The reason I am standing up tonight is not about this government. It is actually a structural issue that we need to get our heads around. Let me expand it out. Heart of Beaconsfield and Fremantle was going to have 250 to 300 units. That will no longer be part of the housing stock. Just down the road is Burt Street, a beautiful spot near John Curtin High School. Again, that was social housing. But under the Barnett government it was all demolished and not replaced. Now, 10 years later, it sits empty, despite many promises. Up at Holland Street, over consecutive governments, we have had I would say probably 80 or 90 units demolished. Zero have been replaced.

How many times do we do this? This has happened for over a decade, so both sides of the house need to take responsibility for it. Different reasons were given for not replacing them. Under the Barnett government, the argument was that there was not enough demand for new housing as the market was too soft. The argument now is that the market is too hot. Where is the Goldilocks point at which we will replace the social housing that we knock down?

In Fremantle, people want social housing. The community and the council want social housing to be replaced, and it is not being replaced. Too often we hear the excuse that local governments do not want it. That does not fly in my neck of the woods. We are not seeing it replaced, either because there was not enough demand in the past or it is now too hard to build it. It comes back to a fundamental structural problem, which is that we are not giving social housing ongoing investment and the certainty going forward that it will be replaced regardless. The Department of Communities should not just be about playing the housing market. The excuse before was that we could not make money out of it because the market was too soft. The excuse now is that we cannot make money out of it because the building market is too hot. It has to not be about making money; it has to be about providing housing for people who want to live in that area. It is frustrating, because there are empty places where there should be social housing across several suburbs of the City of Fremantle. There should be a mix. They needed to be redeveloped. There was full support from the council at the time. All of us said that the housing stock was getting tired. It was not terrible, but there were better options and better uses for it.

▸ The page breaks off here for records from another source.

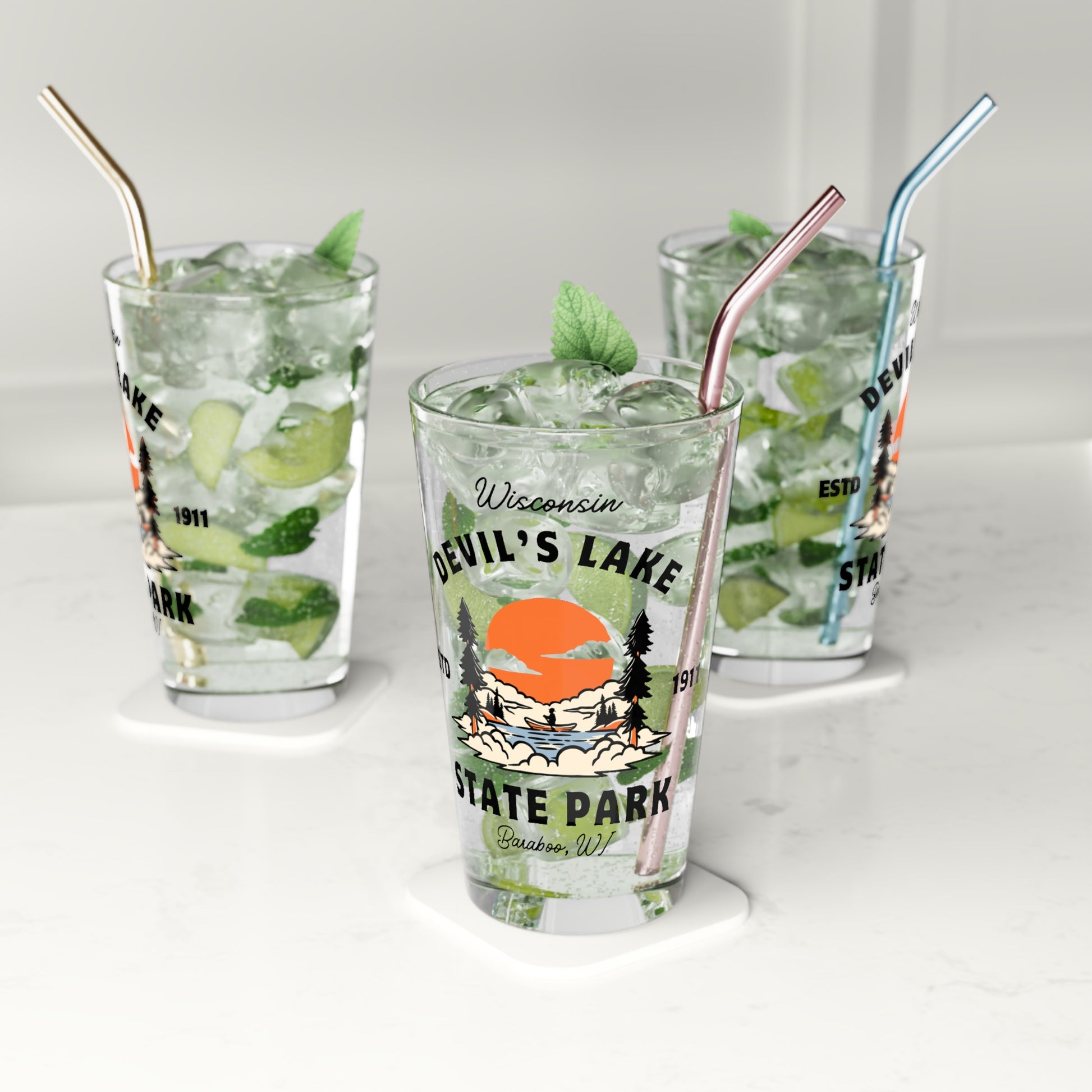 Devil’s Lake Pint Glass drink 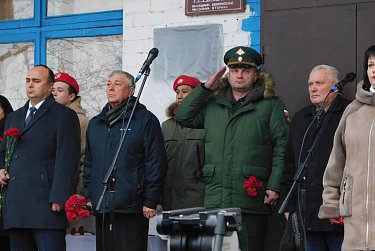 Память об орденоносце, учителе, земляке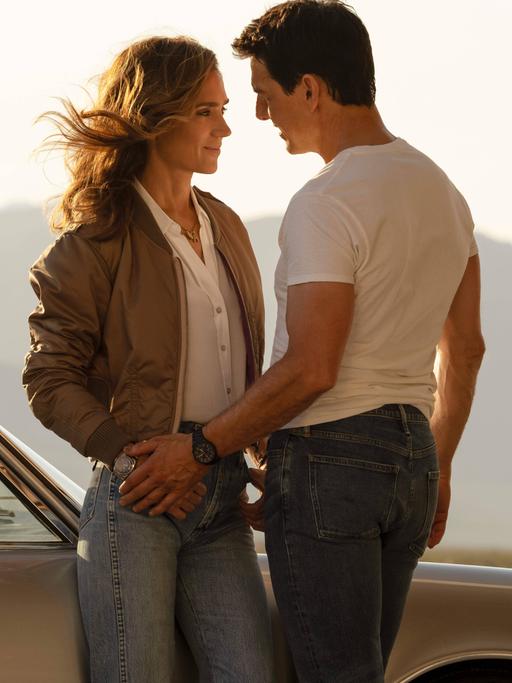 Das Bild zeigt ein Filmstill mit Jennifer Connelly und Tom Cruise in "Top Gun: Maverick". Die Filmmusik stammt von von Harold Faltermeyer und ist für einen Grammy nominiert.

The idea that we quickly demolish but slowly rebuild has to change. It was really good that The West Australian highlighted that today, but we need a real plan that runs not from year to year depending on market conditions, but across a decade and says, “We are going to do this and replace these projects.” Many members would see the same thing in their streets and suburbs—empty, boarded-up social housing that has not been replaced. That has happened year after year. I think we are seeing the consequences of that now. When we asked how many people are on the housing waitlist, we found that the waitlist has got longer and longer. The priority waiting list is also getting longer and longer. I am standing up to say that this is not an isolated situation or issue; it is a structural issue that runs across governments and needs to change. Fundamental changes need to happen in how Development WA or the Department of Communities funds these projects. We should make sure that they happen regardless of where we are sitting in the economic cycle.

Discussion

Your email address will not be published. Required fields are marked *

  • Hi Brad, has anything further happened here? Thanks

    • Nope. Sadly still sitting empty!